• _Data records_
····················
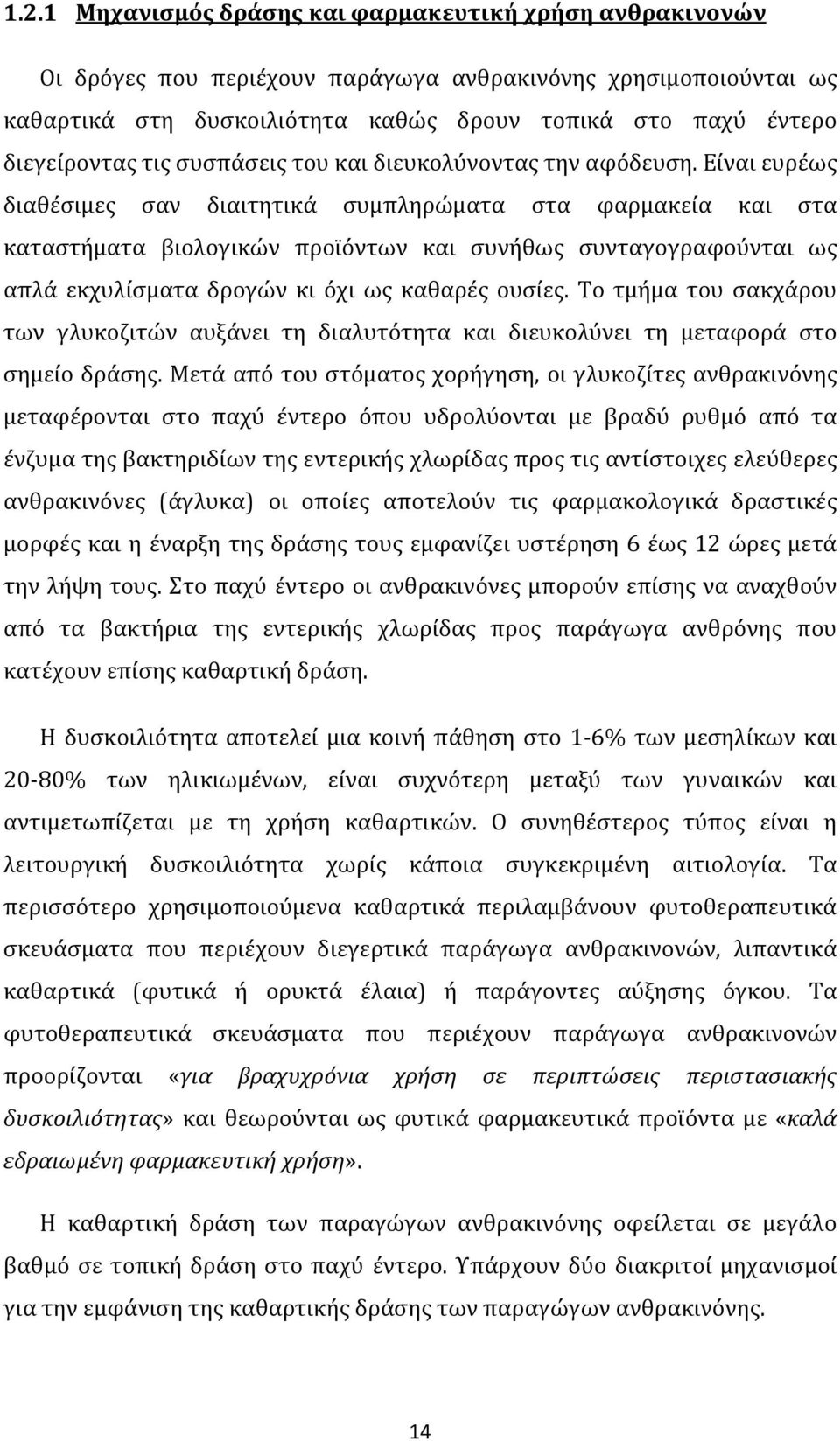 Είναι ευρέως διαθέσιμες σαν διαιτητικά συμπληρώματα στα φαρμακεία και στα καταστήματα βιολογικών προϊόντων και συνήθως συνταγογραφούνται ως απλά εκχυλίσματα δρογών κι όχι ως καθαρές ουσίες.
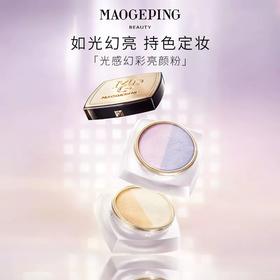 MAOGEPING毛戈平光感幻彩亮颜粉蜜粉双色散粉6.5g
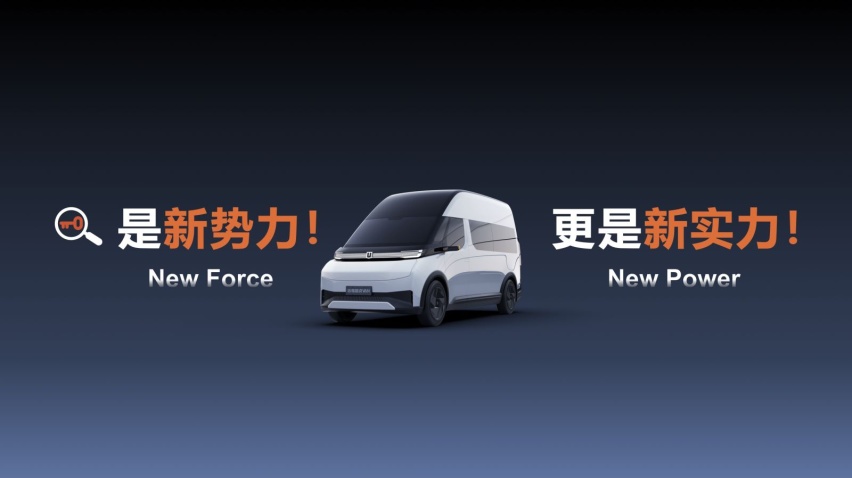 滑板底盘超级VAN，无座舱重卡星瀚H，远程汽车两款新车亮相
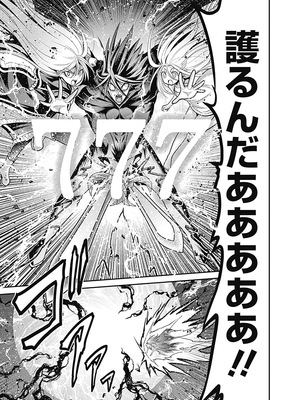 [三木なずな×長谷見亮] くじ引き特賞：無双ハーレム権 第06巻_0060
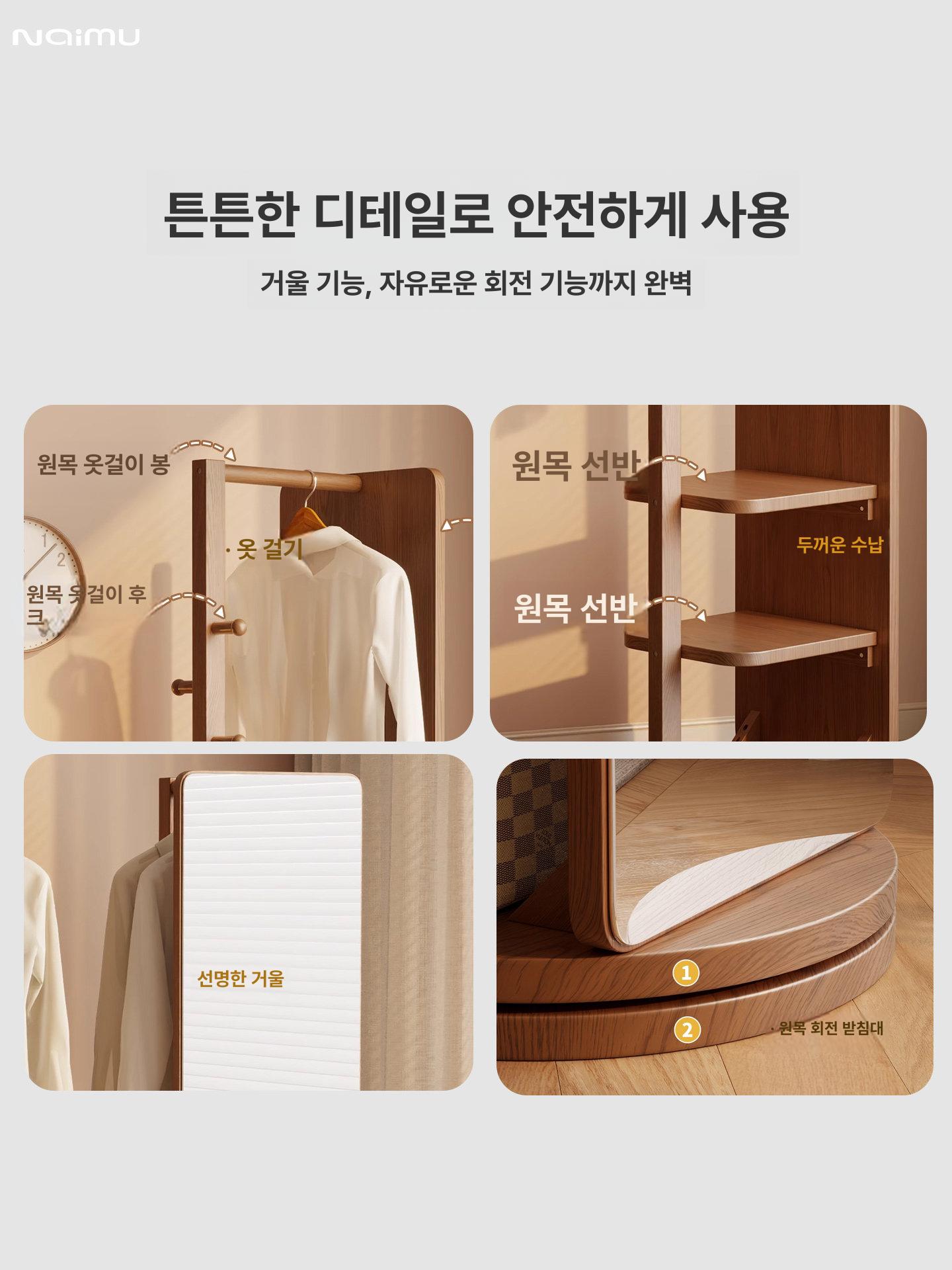 옷걸이 헹거 수납 거치대 옷방 안방 드레스룸 올인원 중간 회전 2칸 월넛 - 상세 이미지 4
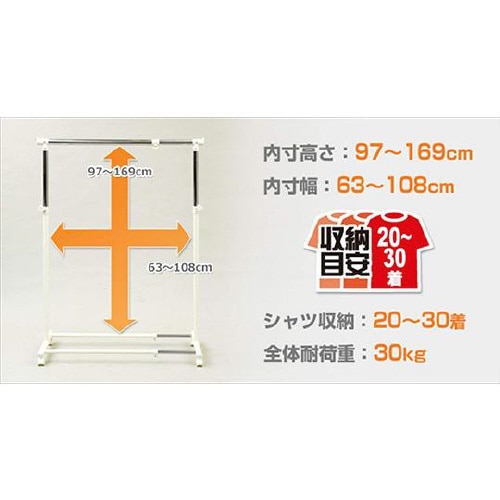 たてよこ伸縮ハンガーラック(キャスター付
····················
• _Exercise description_
I need the lines from the one holding "滑板底盘超级VAN，无座舱重卡星瀚H，远程汽车两款新车亮相" through the last line of the entries set down exactly, with every picture left out.

• _Answer below_
 滑板底盘超级VAN，无座舱重卡星瀚H，远程汽车两款新车亮相
 [三木なずな×長谷見亮] くじ引き特賞：無双ハーレム権 第06巻_0060
 옷걸이 헹거 수납 거치대 옷방 안방 드레스룸 올인원 중간 회전 2칸 월넛 - 상세 이미지 4
 たてよこ伸縮ハンガーラック(キャスター付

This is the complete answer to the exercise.